È abbastanza comune avere macchine Linux o UNIX su una rete con un dominio Microsoft Active Directory (AD). Ci possono essere momenti in cui si desidera o è necessario cercare Active Directory con ldapsearch.
Esempio rapido
Usando TLS
ldapsearch -H ldaps://dc.example.com -x -W -D "[email protected]" \ -b "dc=example,dc=com" "(sAMAccountName=user)"Senza TLS
ldapsearch -H ldap://dc.example.com -x -W -D "[email protected]" \ -b "dc=example,dc=com" "(sAMAccountName=user)"Se vuoi o hai bisogno di una guida più approfondita, continua a leggere.
Configura ldap.conf
Se si è ok con una connessione non crittografata, passare alla sezione successiva. Se possibile, è necessario ottenere il certificato dell’autorità di certificazione (CA) utilizzato per firmare il certificato AD server. Chiedi all’amministratore dell’ANNUNCIO di fornirlo in formato PEM. Se ciò non è possibile e se si è ragionevolmente sicuri che la connessione di rete non sia compromessa, è possibile utilizzare openssl per recuperare il certificato del server dal server. L’esempio seguente dimostra come farlo.

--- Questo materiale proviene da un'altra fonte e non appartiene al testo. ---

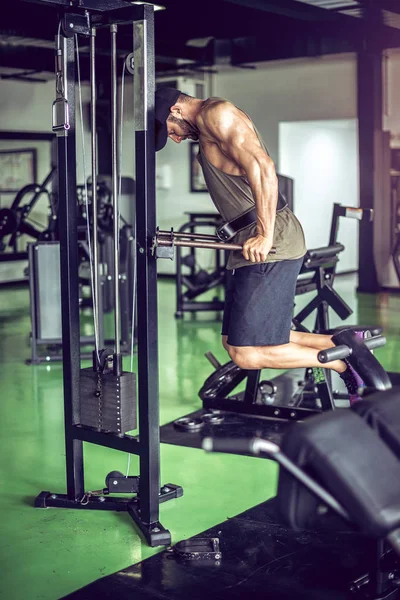 Dips in fitnesscentrum. — Stockfoto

tyler@desktop:~$ openssl s_client -connect ldap.tylersguides.com:636 -showcerts Copia e incolla il testo del certificato dal certificato inferiore in un file. Io uso / pki / cacerts.pem. Il testo del certificato sarà simile a questo:
-----BEGIN CERTIFICATE-----MIIFdDCCBFygAwIBAgIQJ2buVutJ846r13Ci/ITeIjANBgkqhkiG9w0BAQwFADBvMQswCQYDVQQGEwJTRTEUMBIGA1UEChMLQWRkVHJ1c3QgQUIxJjAkBgNVBAsTHUFkZFRydXN0IEV4dGVybmFsIFRUUCBOZXR3b3JrMSIwIAYDVQQDExlBZGRUcnVzdCBFpu/xO28QOG8=-----END CERTIFICATE-----Apri ldap.conf con un editor di testo. Ecco dove trovarlo su vari sistemi operativi:
| OS | PERCORSO |
|---|---|
| Per saperne di più o negare il consenso a tutti o ad alcuni cookie clicca qui.conf | |
| Debian | /etc/ldap/ldap.conf |
| openSUSE | /etc/openldap/ldap.conf |
Aggiungi la riga
TLS_CACERT /pki/cacerts.pemal tuo file. Sostituire / pki / cacerts.pem con la posizione si mette l’annuncio CA cert se avete deciso di metterlo da qualche altra parte. Aggiungi anche la riga
TLS_REQCERT demandal tuo file. Nel caso in cui la tua rete sia compromessa, ciò impedirà all’attaccante di rubare le tue credenziali con un attacco man in the middle.
Cerca Active Directory con Ldapsearch
Utilizzare il seguente esempio, sostituendo i valori evidenziati per eseguire la ricerca. Se si è scelto di non utilizzare una connessione crittografata, utilizzare ldap:// invece di ldaps://
ldapsearch -H ldaps://dc.example.com -x -W -D "[email protected]" \ -b "dc=example,dc=com" "(filter)" "attr1" "attr2"| Opzione | Spiegazione |
|---|---|
| -H | L’URI del server di directory che si sta interrogando. |
| -x | Usa l’autenticazione semplice invece di SASL. |
| -W | Richiede la password. |
| -D | Il DN dell’utente con cui si sta autenticando. Quando si esegue l’interrogazione AD, questo sarà il nome utente dell’ANNUNCIO @ il tuo dominio. |
| -b | Dove nella directory per iniziare la ricerca. Se sai in che cosa sono le voci che stai cercando, puoi aggiungerle alla tua base. Ad esempio, se sai che vuoi cercare in un OU chiamato stuff, la tua base sarà simile a questa: “ou = stuff, dc = example, dc = com”. Se non sai in cosa si trova, è ok usare il tuo dominio. Ad esempio “dc=tylersguides, dc = com” |
| filtro | Il filtro di ricerca LDAP utilizzato per trovare le voci. Il filtro più semplice è alla ricerca di un attributo con un valore particolare. Ad esempio, se stai cercando un utente AD con il nome utente bob, utilizzerai il filtro “(sAMAccountName=bob)”. Se vuoi trovare tutti coloro che sono membri del gruppo cn=storage, ou = groups, dc = example, dc = com, useresti ” (memberOf = cn = storage, ou = groups, dc = example, dc = com)” |
| attr | Gli attributi che si desidera visualizzare. Ogni attributo deve essere separato con uno spazio. Alcuni comuni sono mail e memberOf. |
Se siete interessati, ho scritto una guida sui filtri di ricerca LDAP.